We finished the hike that evening and piled into my cousin’s jeep, melting into the seats. 

That night we went to a local music series at a nearby park. A woman in a jean skirt, flannel button-up shirt, cowboy boots and a cowboy hat sang some bluegrass songs along with some folk songs. She was actually really good. From the name, Shannon Wurst and Friends, we were worried that we were going to get a bunch of ugly, middle aged women yodeling about jug bands. Everyone there brought picnics, but if you hadn’t the local Boy Scout troop had set up a tent to sell food. They made a mean chocolate crepe, no kidding. 

Over the next two days, we spent our time driving through Boone and the Blue Ridge Parkway (469 miles of incredibly scenic road from Shenandoah National Park, Va. to the Great Smoky Mountains National Park, N.C. that has been adopted by RVs and bikers as a rite of passage), eating at various restaurants and touring the university. 

One entire day was devoted to the World Cup, at least for me and my cousin. The women opted out of an afternoon on the couch and went shopping at an outlet sale. It was really all about what a vacation should be: relaxing and eating. I’m not a lazy person, but people need these kinds of days every so often (notice I said every so often, not every day, some people don’t need any more of these days). We enjoyed the game and the vicious head butt delivered by the balding bastion of athletic prowess/violence, Zinedine Zidane. The penalty kicks were the truly disgusting part of the match, not the head butt. Two great teams play a great match and it gets decided by guessing and luck. 

The women came back from their trip and we all made dinner. Then we hung out around the living room and talked, played games and basically did nothing.

Another hike was planned for the next day in order to balance the loafing. It was much shorter than the first one. There were three trails carved out around a modest waterfall, maybe about 25 feet tall. Each trail was about a mile long. One brought you to the top of the waterfall, one to a mid-point lookout and the other to the bottom. 

At one lookout point all you could see was forest. I walked out from the wooden platform and sat on a rock that jutted out from the cliff. The guard rails were gone, the town was gone, the roads, the cars, the buildings, all gone. No more skyscraping monuments to progress and technology. No sea of cement and pollution. It was like looking into the past, into what the settlers had seen when they came here: forest and mountains. When I looked out I imagined all of the plants, the animals and the tiny creeks and springs. It wasn’t like the cold, ordered feeling that you sometimes get in a big city. Everything felt open. There was room to the edge of the sky. 

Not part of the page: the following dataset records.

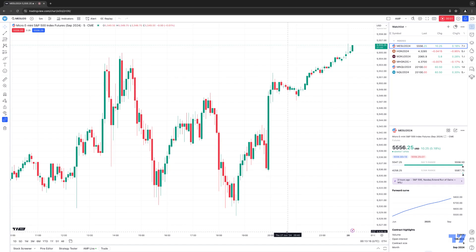Hello, welcome fellow traders. A&P Futures here presenting another how-to video. In today's video, we're going to show you how to create additional lists for your watch list. In the previous video we recorded, we showed you an overview of the watch list. Now we're going to actually show you how to create separate lists within your watch list.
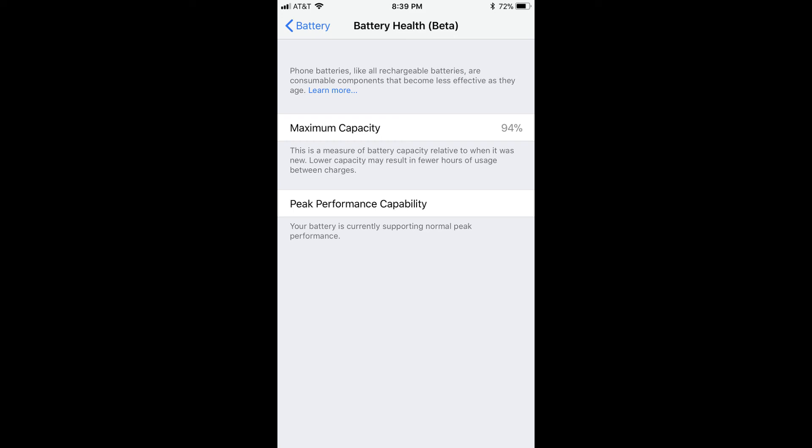Step 5. Review the message in the Peak Performance Capability section. You could see a handful of different messages in this section. However, if you see a message that either performance management is being applied, or that your battery health has degraded, you'll see a blue disable link in this section.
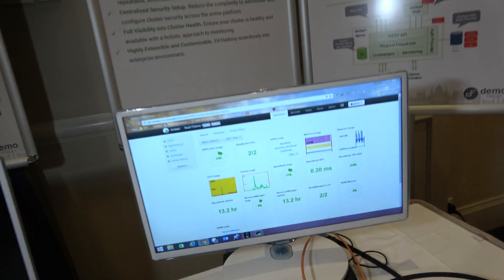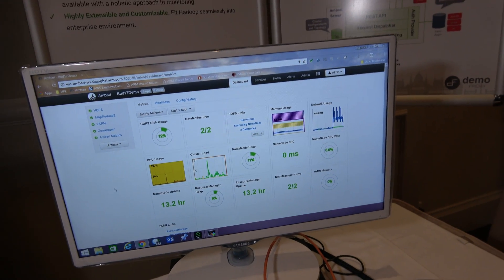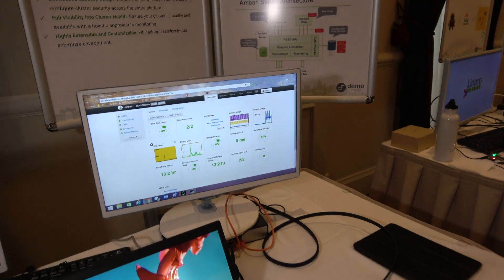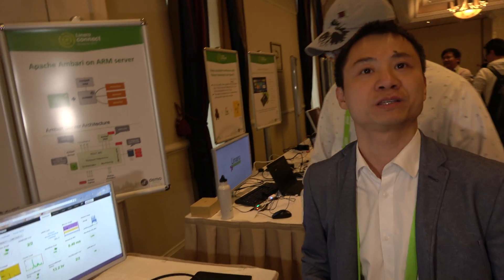As Ganesh mentioned, Ambari can help to provision, manage, and monitor the Hadoop cluster. Specifically, provisioning means installing and deploying Hadoop nodes on each of the servers. Managing means adding or removing nodes or services from the cluster. And if you look at the screen, you can see some nice metrics that Ambari provides to monitor the health of systems — disk usage and CPU usage — which is critical for cluster management.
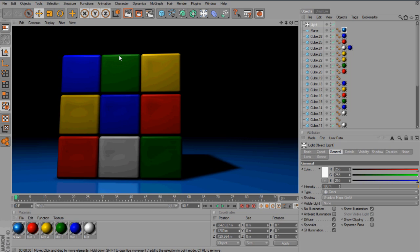Hey guys, Conor here with Chrome Designs and thank you for watching this video tutorial. Now today I'm going to show you this Rubik's Cube effect in Cinema 4D.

When we got down to the waterfall we walked to a huge boulder sticking out of the water in front of the falls. The water was persistent and pounding, but it was soothing. There is no hard surface to crash against, so big ssshhhh and wwwssshhhhing sounds come out. It has a delicate power. We sat there for a while, just being quiet. We were on a giant rock in the middle of the woods starting at a waterfall. Just like at the lookout point, everything attached to modern civilization just faded from my mind. At that point, nothing else really existed.

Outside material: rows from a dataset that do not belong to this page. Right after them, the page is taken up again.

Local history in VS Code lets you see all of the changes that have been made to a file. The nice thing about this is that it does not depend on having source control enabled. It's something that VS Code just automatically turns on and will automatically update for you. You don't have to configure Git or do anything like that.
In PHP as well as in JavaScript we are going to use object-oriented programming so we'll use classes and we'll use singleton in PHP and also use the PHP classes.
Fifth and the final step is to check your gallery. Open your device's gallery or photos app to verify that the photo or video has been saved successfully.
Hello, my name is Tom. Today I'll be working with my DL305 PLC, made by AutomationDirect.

Hunger broke our minds from the focus. We walked back up through the gorgeous rhododendrons and virgin trees to the parking lot and once again accepted the fact that we drive a car, live in a house and are part of the civilization that had been forgotten an hour before. 

We said our woozy goodbyes the next morning, thankful for the hospitality we received and the things that we were able to see, not to mention the four foot rhododendron jammed in my back seat. On the drive out of Boone we passed still, glass ponds and heard all of the birds and bugs as the day was just beginning. We took a big breath of mountain air and closed the windows, prepared for the ride home.